In the material below, find the line containing "P448 White High Top Sneakers Leather" and the line containing "Основные направления деятельности, разрешенные", then reproduce exactly both of them and every line between, and nothing else.

DATASET ENTRIES: Begin

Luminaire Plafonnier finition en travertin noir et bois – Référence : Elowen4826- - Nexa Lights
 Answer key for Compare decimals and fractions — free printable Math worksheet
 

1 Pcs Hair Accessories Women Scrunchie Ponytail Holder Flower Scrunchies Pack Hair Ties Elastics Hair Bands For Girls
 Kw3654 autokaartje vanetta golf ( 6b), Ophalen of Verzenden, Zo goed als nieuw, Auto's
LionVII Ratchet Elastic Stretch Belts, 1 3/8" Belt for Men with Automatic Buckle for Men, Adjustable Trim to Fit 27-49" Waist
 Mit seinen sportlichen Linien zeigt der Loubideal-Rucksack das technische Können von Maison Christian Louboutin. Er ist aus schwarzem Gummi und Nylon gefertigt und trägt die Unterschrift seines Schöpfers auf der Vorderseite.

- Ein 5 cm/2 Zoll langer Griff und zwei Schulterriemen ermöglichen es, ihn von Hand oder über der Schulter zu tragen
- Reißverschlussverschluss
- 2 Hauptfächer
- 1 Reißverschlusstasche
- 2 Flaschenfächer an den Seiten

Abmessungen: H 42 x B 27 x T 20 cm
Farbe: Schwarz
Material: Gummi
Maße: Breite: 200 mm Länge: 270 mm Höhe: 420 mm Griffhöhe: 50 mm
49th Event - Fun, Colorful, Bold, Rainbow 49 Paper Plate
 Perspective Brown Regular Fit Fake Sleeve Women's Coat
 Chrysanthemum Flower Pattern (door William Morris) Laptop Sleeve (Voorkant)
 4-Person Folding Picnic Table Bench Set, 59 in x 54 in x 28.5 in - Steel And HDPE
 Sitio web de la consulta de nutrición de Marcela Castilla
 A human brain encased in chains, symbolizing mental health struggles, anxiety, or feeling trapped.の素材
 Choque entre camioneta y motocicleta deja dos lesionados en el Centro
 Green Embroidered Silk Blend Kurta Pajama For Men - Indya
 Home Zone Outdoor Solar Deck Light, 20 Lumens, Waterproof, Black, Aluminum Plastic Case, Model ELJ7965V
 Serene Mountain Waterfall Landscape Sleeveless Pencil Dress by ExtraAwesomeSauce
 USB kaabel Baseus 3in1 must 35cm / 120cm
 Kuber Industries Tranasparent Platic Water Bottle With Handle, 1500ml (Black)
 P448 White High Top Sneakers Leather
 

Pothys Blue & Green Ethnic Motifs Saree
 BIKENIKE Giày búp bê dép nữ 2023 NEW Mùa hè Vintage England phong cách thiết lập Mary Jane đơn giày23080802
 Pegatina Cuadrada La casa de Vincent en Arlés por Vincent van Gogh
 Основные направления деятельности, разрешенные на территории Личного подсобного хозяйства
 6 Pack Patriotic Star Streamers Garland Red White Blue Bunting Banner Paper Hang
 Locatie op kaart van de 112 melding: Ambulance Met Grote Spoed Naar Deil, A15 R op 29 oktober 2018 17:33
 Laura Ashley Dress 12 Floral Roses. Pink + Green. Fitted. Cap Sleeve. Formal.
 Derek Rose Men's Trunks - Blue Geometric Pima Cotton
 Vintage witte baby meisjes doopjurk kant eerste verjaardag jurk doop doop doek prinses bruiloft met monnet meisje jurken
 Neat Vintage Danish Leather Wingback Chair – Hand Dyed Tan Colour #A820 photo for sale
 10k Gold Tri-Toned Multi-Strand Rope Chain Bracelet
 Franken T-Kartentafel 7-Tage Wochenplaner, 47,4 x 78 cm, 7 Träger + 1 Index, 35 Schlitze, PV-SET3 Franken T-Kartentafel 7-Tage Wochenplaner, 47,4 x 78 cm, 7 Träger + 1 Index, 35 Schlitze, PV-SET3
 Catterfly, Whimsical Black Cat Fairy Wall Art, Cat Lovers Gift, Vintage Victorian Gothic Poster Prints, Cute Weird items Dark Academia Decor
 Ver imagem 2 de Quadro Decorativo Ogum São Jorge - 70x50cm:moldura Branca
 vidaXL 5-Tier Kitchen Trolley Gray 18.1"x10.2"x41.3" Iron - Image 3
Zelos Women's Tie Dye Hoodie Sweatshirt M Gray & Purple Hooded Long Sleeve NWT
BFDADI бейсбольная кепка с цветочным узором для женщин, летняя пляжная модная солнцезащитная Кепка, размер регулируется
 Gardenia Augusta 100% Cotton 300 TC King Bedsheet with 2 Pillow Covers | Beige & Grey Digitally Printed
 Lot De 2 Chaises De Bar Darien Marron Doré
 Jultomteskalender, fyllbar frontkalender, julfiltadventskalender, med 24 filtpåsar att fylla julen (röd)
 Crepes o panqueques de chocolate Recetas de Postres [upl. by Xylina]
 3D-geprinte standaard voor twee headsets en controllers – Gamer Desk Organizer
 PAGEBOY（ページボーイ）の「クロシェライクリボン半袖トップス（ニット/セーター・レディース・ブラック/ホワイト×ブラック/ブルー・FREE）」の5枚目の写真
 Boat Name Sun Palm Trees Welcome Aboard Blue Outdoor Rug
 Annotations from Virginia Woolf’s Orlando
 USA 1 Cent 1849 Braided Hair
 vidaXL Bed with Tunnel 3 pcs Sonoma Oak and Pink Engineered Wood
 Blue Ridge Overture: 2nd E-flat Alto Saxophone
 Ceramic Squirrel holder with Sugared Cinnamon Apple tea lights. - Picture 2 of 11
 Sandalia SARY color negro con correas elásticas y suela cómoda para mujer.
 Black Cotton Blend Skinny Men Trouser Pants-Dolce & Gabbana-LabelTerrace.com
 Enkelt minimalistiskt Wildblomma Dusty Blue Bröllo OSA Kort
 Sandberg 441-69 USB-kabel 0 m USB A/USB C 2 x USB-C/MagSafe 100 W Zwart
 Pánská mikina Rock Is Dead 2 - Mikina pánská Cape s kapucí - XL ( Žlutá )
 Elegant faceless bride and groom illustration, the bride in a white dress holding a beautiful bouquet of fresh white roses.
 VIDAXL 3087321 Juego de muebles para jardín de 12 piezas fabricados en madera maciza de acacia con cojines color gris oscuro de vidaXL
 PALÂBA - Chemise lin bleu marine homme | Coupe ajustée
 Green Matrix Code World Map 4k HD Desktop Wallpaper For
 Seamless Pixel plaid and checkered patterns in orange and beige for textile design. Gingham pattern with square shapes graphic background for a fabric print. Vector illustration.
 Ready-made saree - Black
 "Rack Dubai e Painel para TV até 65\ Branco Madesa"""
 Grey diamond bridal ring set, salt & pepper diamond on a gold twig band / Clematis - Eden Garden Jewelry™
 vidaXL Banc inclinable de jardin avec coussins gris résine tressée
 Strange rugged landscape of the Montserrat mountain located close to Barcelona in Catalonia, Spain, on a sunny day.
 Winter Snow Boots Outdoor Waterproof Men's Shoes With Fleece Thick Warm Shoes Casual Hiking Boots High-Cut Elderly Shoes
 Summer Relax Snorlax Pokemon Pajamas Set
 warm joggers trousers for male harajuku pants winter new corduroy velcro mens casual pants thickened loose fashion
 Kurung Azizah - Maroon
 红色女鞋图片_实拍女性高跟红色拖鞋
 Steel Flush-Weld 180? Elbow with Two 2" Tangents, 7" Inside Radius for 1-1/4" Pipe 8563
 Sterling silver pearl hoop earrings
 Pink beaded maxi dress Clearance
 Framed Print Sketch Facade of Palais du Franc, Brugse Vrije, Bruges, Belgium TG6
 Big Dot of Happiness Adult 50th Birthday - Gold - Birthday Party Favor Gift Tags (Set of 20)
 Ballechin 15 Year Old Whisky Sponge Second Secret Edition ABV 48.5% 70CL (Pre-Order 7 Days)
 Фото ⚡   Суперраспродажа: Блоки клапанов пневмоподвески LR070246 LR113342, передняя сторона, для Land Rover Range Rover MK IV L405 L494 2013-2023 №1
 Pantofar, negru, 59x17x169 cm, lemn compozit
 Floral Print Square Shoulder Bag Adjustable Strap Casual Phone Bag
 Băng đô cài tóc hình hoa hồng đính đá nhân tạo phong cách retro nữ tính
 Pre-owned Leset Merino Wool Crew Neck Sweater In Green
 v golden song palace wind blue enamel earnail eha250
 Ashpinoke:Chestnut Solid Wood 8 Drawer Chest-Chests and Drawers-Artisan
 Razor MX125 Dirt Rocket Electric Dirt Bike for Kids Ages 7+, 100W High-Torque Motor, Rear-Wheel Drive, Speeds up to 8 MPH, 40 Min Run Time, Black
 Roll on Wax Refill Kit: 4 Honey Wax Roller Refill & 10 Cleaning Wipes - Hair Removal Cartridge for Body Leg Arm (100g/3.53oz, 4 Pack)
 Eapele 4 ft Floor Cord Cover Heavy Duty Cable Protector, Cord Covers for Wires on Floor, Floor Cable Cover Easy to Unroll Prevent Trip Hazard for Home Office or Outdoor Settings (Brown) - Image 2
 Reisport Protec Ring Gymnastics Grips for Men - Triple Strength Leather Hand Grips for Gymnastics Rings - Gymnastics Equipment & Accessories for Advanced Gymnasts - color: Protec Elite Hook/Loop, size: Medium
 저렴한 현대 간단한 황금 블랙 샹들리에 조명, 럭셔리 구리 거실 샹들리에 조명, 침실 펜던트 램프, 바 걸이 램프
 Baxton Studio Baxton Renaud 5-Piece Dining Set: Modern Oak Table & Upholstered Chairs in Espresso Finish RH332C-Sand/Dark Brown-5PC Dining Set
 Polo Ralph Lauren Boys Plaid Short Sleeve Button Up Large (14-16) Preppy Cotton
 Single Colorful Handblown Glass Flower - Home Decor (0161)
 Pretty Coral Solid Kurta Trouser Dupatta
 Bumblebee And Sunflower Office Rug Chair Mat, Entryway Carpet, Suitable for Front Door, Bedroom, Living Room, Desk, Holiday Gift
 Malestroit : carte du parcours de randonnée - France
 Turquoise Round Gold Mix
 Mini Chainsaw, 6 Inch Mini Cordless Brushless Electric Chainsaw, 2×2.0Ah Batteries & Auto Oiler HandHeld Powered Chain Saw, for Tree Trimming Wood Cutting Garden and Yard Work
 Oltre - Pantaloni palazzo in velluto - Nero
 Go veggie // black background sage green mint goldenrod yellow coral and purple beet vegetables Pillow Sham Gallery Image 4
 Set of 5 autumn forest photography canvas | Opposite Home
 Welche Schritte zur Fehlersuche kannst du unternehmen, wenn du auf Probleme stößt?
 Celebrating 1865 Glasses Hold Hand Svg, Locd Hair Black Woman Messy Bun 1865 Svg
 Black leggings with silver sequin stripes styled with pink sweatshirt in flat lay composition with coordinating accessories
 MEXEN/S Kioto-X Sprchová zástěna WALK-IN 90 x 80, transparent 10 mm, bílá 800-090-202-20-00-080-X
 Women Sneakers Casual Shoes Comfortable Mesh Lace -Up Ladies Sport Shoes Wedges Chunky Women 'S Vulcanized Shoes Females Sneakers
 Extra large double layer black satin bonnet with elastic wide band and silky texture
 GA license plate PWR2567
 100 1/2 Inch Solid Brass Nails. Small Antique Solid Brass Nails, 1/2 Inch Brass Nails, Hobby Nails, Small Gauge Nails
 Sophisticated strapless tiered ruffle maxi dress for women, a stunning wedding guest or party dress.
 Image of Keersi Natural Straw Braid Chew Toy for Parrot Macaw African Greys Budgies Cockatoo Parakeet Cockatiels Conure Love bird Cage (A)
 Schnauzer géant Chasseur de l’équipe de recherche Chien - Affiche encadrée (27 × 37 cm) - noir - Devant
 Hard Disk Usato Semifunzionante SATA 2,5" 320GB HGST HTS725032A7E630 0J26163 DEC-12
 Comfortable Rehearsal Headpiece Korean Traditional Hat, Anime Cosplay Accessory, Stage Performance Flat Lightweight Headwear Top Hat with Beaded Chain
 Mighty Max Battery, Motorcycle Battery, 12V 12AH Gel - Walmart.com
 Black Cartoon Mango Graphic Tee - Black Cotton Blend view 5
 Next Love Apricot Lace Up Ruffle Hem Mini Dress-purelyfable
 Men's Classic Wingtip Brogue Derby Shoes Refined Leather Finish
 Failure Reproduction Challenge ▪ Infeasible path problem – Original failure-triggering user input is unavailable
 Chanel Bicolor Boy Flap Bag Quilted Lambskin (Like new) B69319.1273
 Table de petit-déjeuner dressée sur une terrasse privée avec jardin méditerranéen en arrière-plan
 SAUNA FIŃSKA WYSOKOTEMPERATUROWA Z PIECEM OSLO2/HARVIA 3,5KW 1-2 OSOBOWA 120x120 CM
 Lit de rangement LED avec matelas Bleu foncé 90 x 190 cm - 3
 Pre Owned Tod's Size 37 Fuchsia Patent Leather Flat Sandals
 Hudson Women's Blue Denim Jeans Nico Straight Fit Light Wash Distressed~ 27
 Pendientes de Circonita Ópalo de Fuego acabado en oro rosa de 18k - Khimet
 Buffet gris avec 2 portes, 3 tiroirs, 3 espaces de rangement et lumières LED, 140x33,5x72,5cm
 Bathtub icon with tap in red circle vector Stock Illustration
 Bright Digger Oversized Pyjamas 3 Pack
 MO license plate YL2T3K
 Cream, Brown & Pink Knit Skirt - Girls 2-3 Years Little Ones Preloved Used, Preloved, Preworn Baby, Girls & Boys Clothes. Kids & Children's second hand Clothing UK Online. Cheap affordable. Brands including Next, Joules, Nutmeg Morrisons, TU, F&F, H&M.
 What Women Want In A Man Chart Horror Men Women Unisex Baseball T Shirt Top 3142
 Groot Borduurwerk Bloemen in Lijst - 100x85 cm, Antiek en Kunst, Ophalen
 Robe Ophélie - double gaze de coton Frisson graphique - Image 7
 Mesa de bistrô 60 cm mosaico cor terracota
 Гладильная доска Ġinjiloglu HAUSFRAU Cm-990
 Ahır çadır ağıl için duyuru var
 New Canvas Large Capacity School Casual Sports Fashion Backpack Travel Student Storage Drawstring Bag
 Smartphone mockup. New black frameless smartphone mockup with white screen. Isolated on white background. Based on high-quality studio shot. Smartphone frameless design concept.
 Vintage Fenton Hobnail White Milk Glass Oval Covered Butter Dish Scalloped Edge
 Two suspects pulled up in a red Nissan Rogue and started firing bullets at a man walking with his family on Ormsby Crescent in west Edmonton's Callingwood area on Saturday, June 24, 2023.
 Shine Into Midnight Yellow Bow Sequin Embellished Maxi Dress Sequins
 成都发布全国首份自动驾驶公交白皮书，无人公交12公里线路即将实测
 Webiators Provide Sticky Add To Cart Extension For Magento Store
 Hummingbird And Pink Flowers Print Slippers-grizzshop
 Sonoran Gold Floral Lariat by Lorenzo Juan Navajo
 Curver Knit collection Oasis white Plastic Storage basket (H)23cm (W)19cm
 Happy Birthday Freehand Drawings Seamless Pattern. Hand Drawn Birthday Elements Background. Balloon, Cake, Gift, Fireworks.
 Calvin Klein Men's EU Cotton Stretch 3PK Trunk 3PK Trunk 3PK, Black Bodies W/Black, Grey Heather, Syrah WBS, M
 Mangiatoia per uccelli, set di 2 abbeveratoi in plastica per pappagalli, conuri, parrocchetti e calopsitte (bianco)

DATASET ENTRIES: End

## REPLY TO THE TASK
 P448 White High Top Sneakers Leather
 

Pothys Blue & Green Ethnic Motifs Saree
 BIKENIKE Giày búp bê dép nữ 2023 NEW Mùa hè Vintage England phong cách thiết lập Mary Jane đơn giày23080802
 Pegatina Cuadrada La casa de Vincent en Arlés por Vincent van Gogh
 Основные направления деятельности, разрешенные на территории Личного подсобного хозяйства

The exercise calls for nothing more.